WPA Archaeology: Legacy of an Era
In Depression-era Kentucky, people needed jobs. Roosevelt's New Deal programs did just that, funding hundreds of labor projects, from road construction and forest conservation to cultural programs in music, art, and history. Archaeological research, too, provided much needed jobs. These projects transformed Kentucky's prehistoric mounds and village sites into work opportunities for thousands of otherwise jobless Kentuckians through the Works Progress Administration's (WPA) archaeology program.

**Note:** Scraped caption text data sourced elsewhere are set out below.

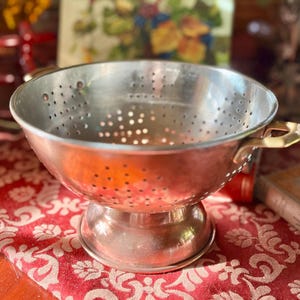 May include: A vintage metal colander with a perforated bowl and a pedestal base. The colander has two brass-colored handles and is sitting on a red patterned tablecloth. The bowl is silver-colored.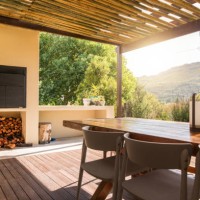 barbecue and dining table on a rustic patio on a sunny afternoon - garden decoration stock pictures, royalty-free photos & images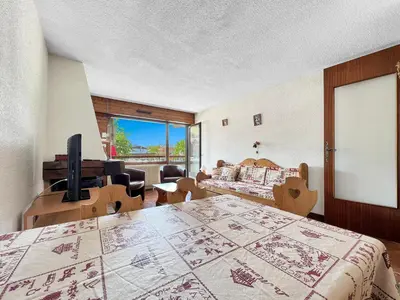 a bedroom with a bed and a television in a room at SL127 - 2 Pièces 4 Pers centre Carroz in Les Carroz d'Araches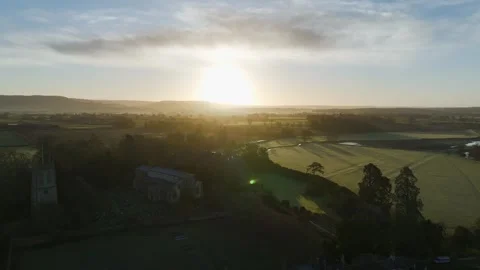 Sunrise over Berkeley Castle from a drone, Berkeley, Cotswolds, Gloucestershire Stock-Footage 302310758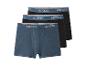 Drei Herren-Boxershorts, eine blaue und zwei schwarze, mit esmara-Branding am Bund.
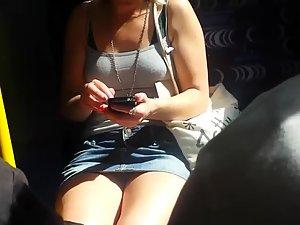 Upskirt sights of a girl texting in the bus Picture 8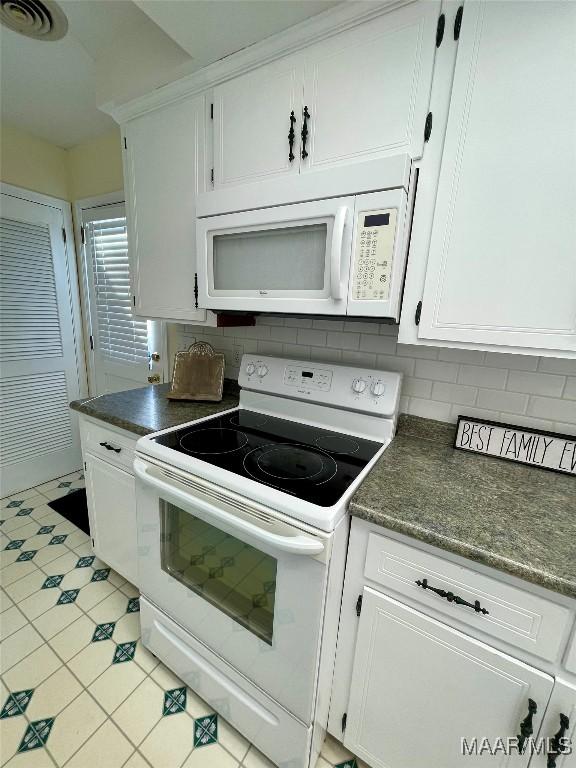 kitchen with white cabinetry, backsplash, and white appliances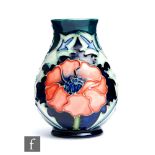 A small Moorcroft Pottery baluster vase decorated in the Poppy pattern designed by Rachel Bishop,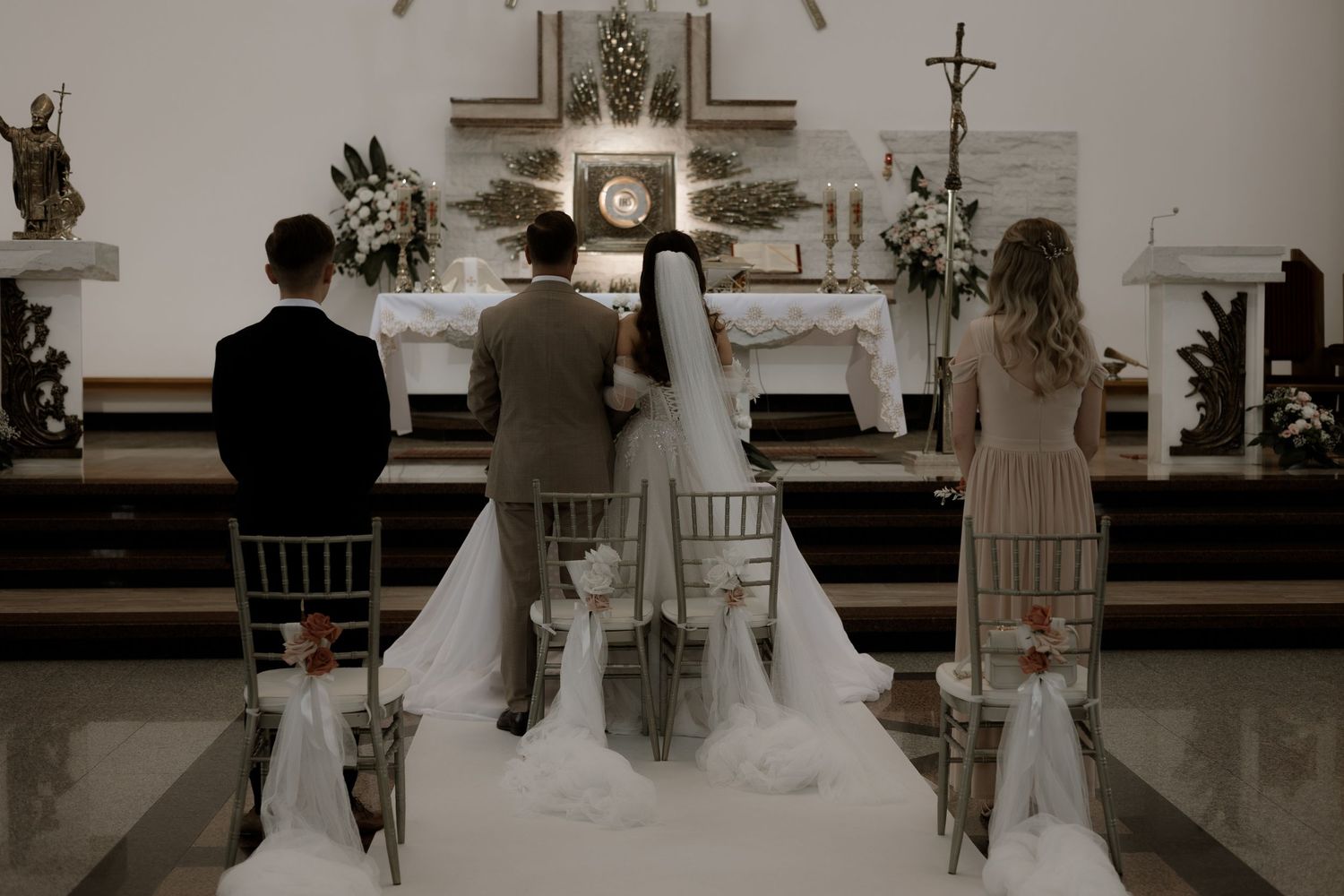Wedding ceremony taking place at a church altar with bride and groom kneeling before a priest.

Kentucky's Depression-era archaeology program was much more than the jobs it created, and this program explores its diverse legacies. WPA archaeology laid the foundation for today's understanding of Kentucky's diverse prehistoric American Indian cultures. The colorful Dr. William S. Webb, a stern University of Kentucky physics professor, administered the program and some of America's best and brightest young archaeologists supervised the work. Throughout this program, former WPA archaeologist Mr. John B. Elliott describes what it was like to work on these projects. Dr. Lathel F. Duffield, former University of Kentucky Anthropology professor and member of the Cherokee Nation of Oklahoma places the program in historical and cultural context, and explains why today, not all indigenous peoples consider the legacy of WPA archaeology a positive one.
This program is lavishly illustrated with period black and white film footage and still photographs, some of which have never been seen before. Also included are rich color photographs of a variety of prehistoric artifacts, many of which were recovered during the WPA excavations, that illustrate the diversity of Kentucky's prehistoric past.